ECOSOC Briefing

Promoting the Rule of Law to facilitate Economic and Social Development

For the purposes of this committee, we can define ‘economic development’ as ‘economic growth’. This is an increase in the volume good or service produced over a fixed period (usually per annum), sometimes per person; this is known as real GDP and real GDP per capita. Economic growth is caused by bettering of the quality or quantity of the four factors of production (land, labour capital, and enterprise)

Social development is measured by population size (life expectancy, fertility rate etc.) and standard of living (measured by food supply, water supply/ sanitation, healthcare etc). The Human development Index (HDI) considers life expectancy, education, and GDP and is a quantitative measure of social development.

This committee defines the question as promoting respect for the rule of law, as well as creating new law in order that the above goal may be achieved.

With regard to implementation, the UN in recent years has driven to make the rule of law more mainstream in the hope that this will improve social environments. Below is an extract from 2012 on the UN’s role in promoting the rule of law:

‘In focusing on these linkages, the Declaration builds upon the fundamental formula of the September 2005 United Nations World Summit. There is no peace without development; there is no development without peace; and there is no lasting peace and sustainable development without respect for human right. (…)

The 2011 World Development Report by the World Bank advanced this idea by offering concrete evidence that these three interlinked issues are central in breaking cycles of fragility in areas such as security, justice and jobs. Each can be strengthened through the rule of law.

We see this need for an integrated approach in conflict-torn areas where transitional justice, anchored in broad consultations, stabilizes security. By prosecuting perpetrators, we begin the process of healing. By facilitating truth and reconciliation, we allow communities to reunite. By fostering reparations and restitution, we plant the seeds for economic growth and empowerment.’

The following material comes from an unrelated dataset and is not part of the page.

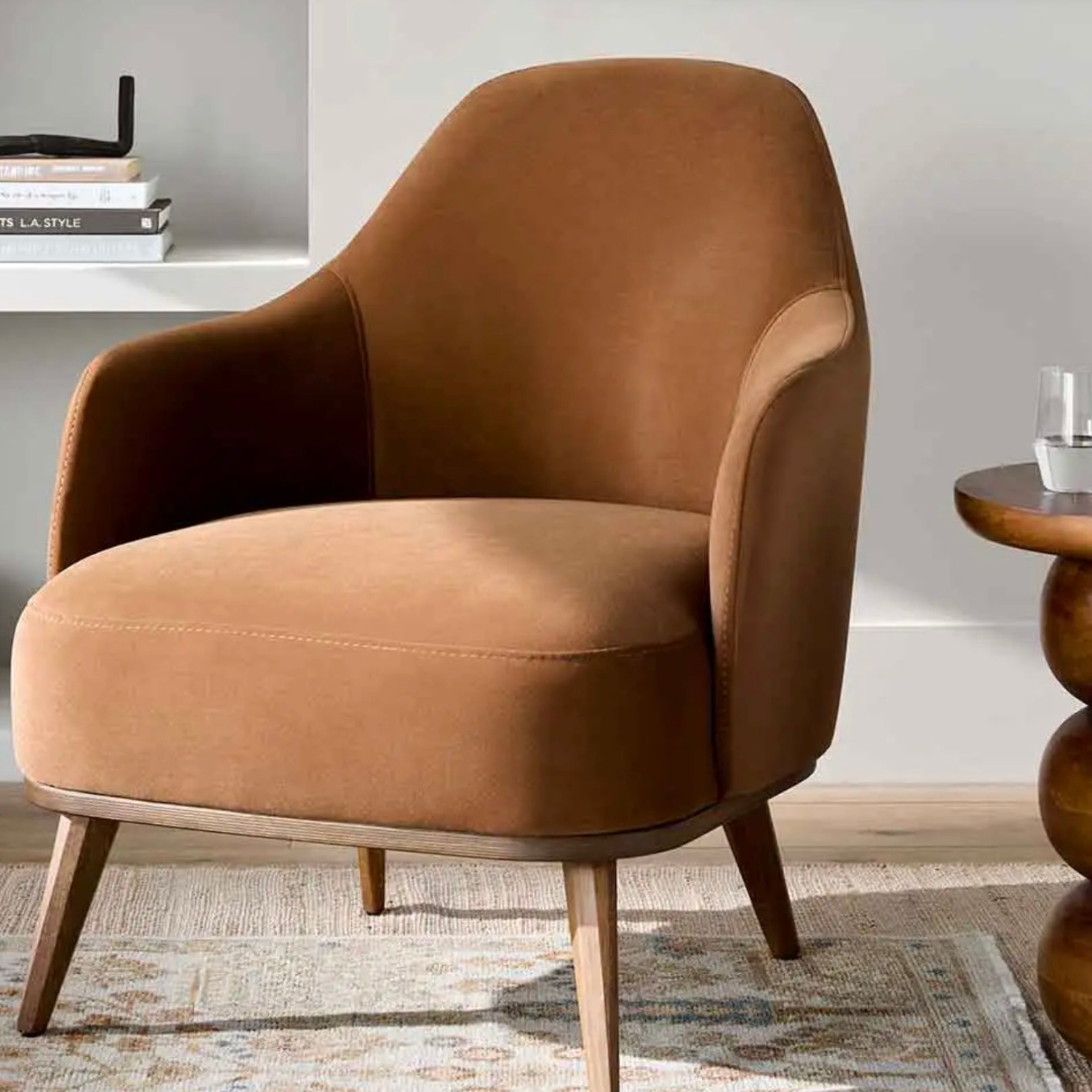 Surya Fantino Modern Accent Chair - Image 1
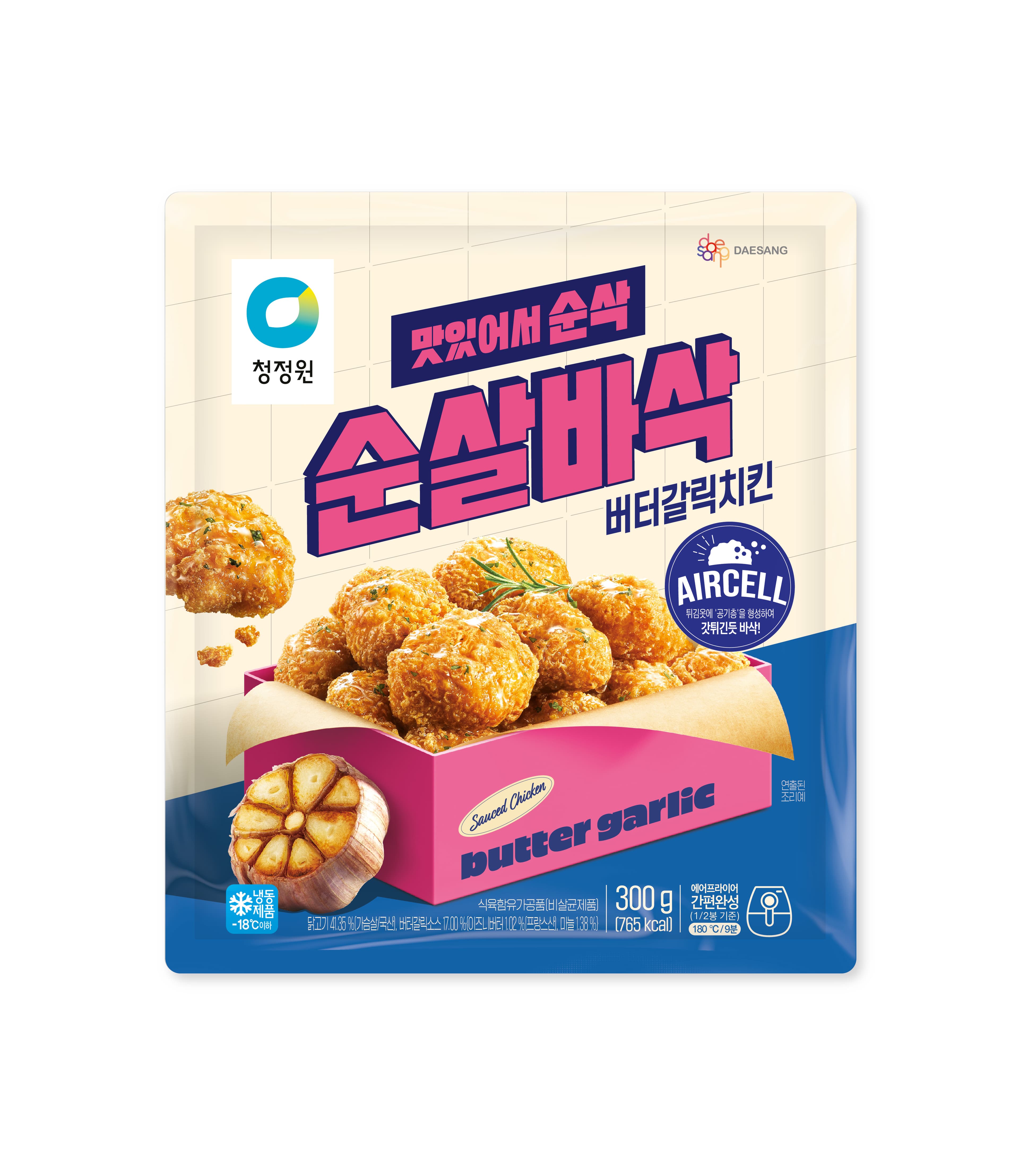 청정원 순살바삭버터갈릭치킨 300g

Chapter IX of the UN charter details with the UN’s intention for international economic and social co-operation:

Article 55

With a view to the creation of conditions of stability and well-being which are necessary for peaceful and friendly relations among nations based on respect for the principle of equal rights and self-determination of peoples, the United Nations shall promote:

a. higher standards of living, full employment, and conditions of economic and social progress and development;

b. solutions of international economic, social, health, and related problems; and international cultural and educational      cooperation; and

c. universal respect for, and observance of, human rights and fundamental freedoms for all without distinction as to race, sex,    language, or religion.

Article 56

All Members pledge themselves to take joint and separate action in co-operation with the Organization for the achievement of the purposes set forth in Article 55.

Article 57

1.       The various specialized agencies, established by intergovernmental agreement and having wide international responsibilities, as defined in their basic instruments, in economic, social, cultural, educational, health, and related fields, shall be brought into relationship with the United Nations in accordance with the provisions of Article 63.

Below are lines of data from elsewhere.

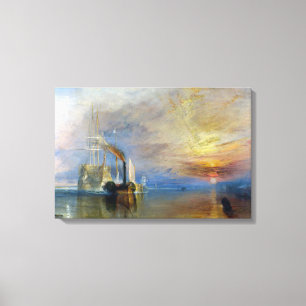 Toile William Turner - Le Temeraire en remorque
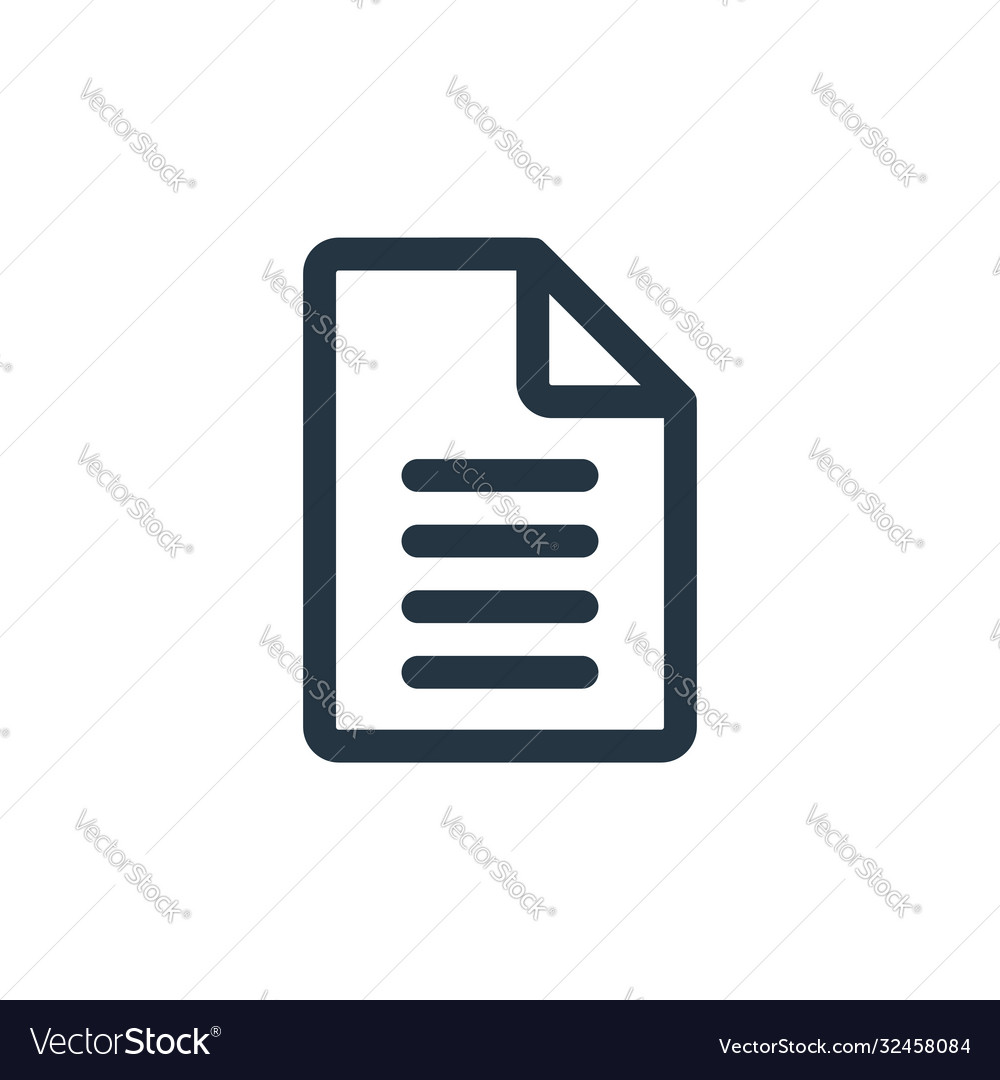 File icon editable stroke linear symbol vector image File icon editable stroke linear symbol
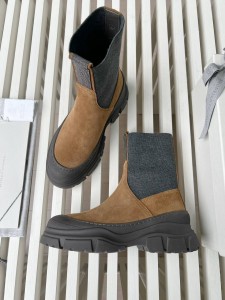 ЖЕНСКИЕ БОТИНКИ BRUNELLO CUCINELLI КОРИЧНЕВЫЕ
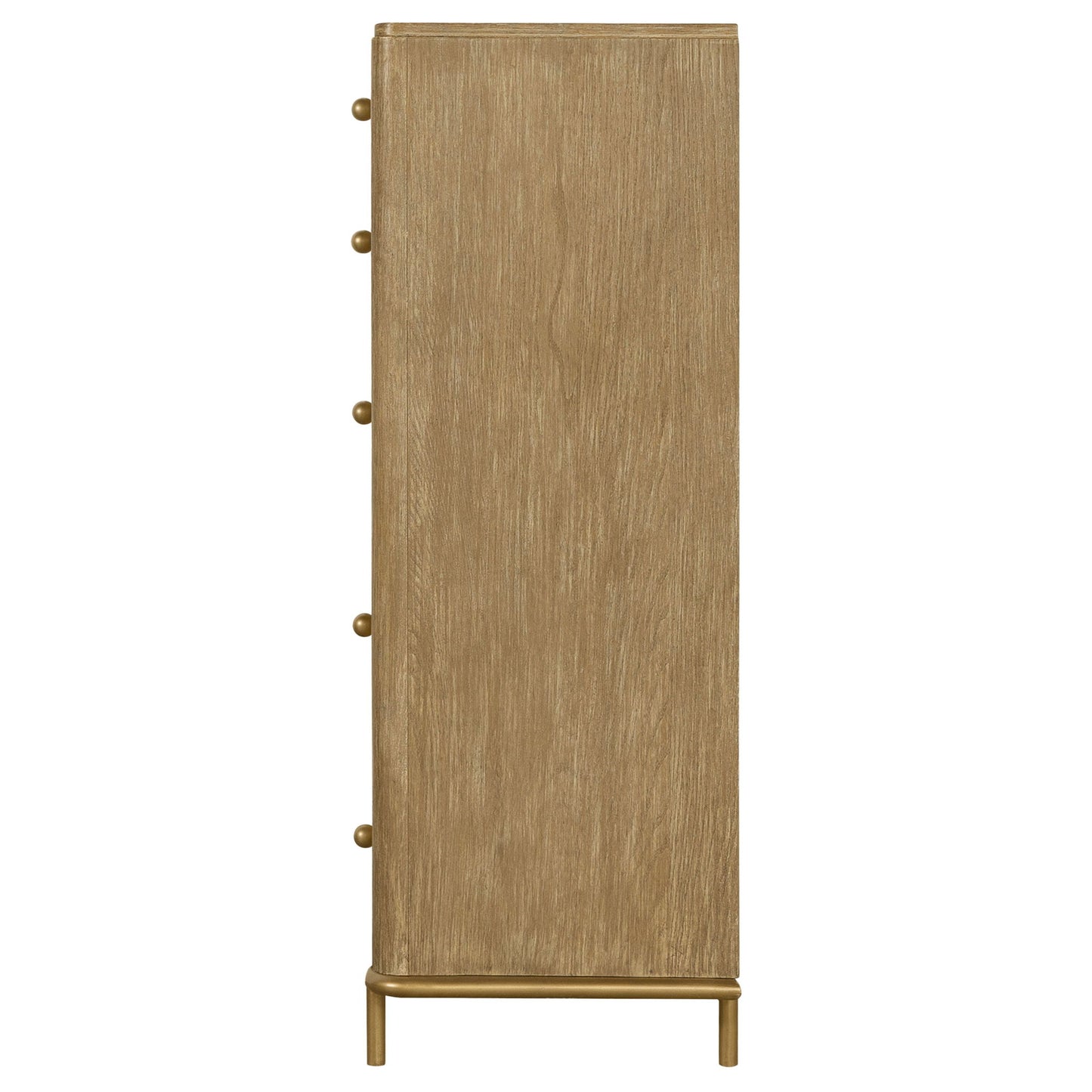 Stevie - Rectangular 5 Drawer Chest - Sand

2.       Such agencies thus brought into relationship with the United Nations are hereinafter referred to as specialized agencies.

Article 58

The Organization shall make recommendations for the co-ordination of the policies and activities of the specialized agencies.

Article 59

The Organization shall, where appropriate, initiate negotiations among the states concerned for the creation of any new specialized agencies required for the accomplishment of the purposes set forth in Article 55.

Article 60

Responsibility for the discharge of the functions of the Organization set forth in this Chapter shall be vested in the General Assembly and, under the authority of the General Assembly, in the Economic and Social Council, which shall have for this purpose the powers set forth in Chapter X.

With regard to the how the rule of law affects one’s country, all countries would naturally feel an obligation to protect their own self interests. Think about which policies best reflect the nature of development in your country as well as what would likely be accepted by its culture/ people. All countries have a role to play in providing legislation for discussion – no country is irrelevant. In fact, as all countries have different domestic legal policy, all will have a slightly different take on things. Think about the technicalities of the rule of law within your country, what do/ don’t they want to get out of the law? What are their current positions with regard to social/ economic policies? How willing are they to change their view? Are there any pertinent issues which may see them prioritise a particular area of development (e.g. famine/ conflict)?

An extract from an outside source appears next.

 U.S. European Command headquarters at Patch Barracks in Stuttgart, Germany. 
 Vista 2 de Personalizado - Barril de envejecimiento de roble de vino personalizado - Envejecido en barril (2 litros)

The main issues at stake in this debate centre on what the rule of law is trying to achieve. The primary objectives of the rule of law are:

  • To coordinate society’s smooth running such that it logistically functions
  • Punishment
  • Deterrence (for crime)
  • Protection (e.g. of the mentally ill)

Thus the foundation of this committee rests on using these functions (as well as making sure they are respected in the first place) in order to facilitate social and economic development.

Useful websites for further research include: resolution writing and general Model United Nations preparation)


  • Be mindful of the strong notion of co-operation between countries in the UN; delegates are urged to work constructively when dealing with areas of conflict of opinion, in order to ensure profitable debate.
  • Delegates are urged to get as involved as possible – the more you put into MUN, the more you will get out! (getting an award is also great for UCAS)
  • Respect other delegates’ views
  • Try to stick to the question as much as possible, without digressing too much from the fundamental issues at hand
  • Do not refer to yourself as ‘I’ but rather ‘the country of X thinks…’ or ‘the delegate pf country X thinks…’ Remember that at MUN you are representing an entire nation.
  • Have Fun!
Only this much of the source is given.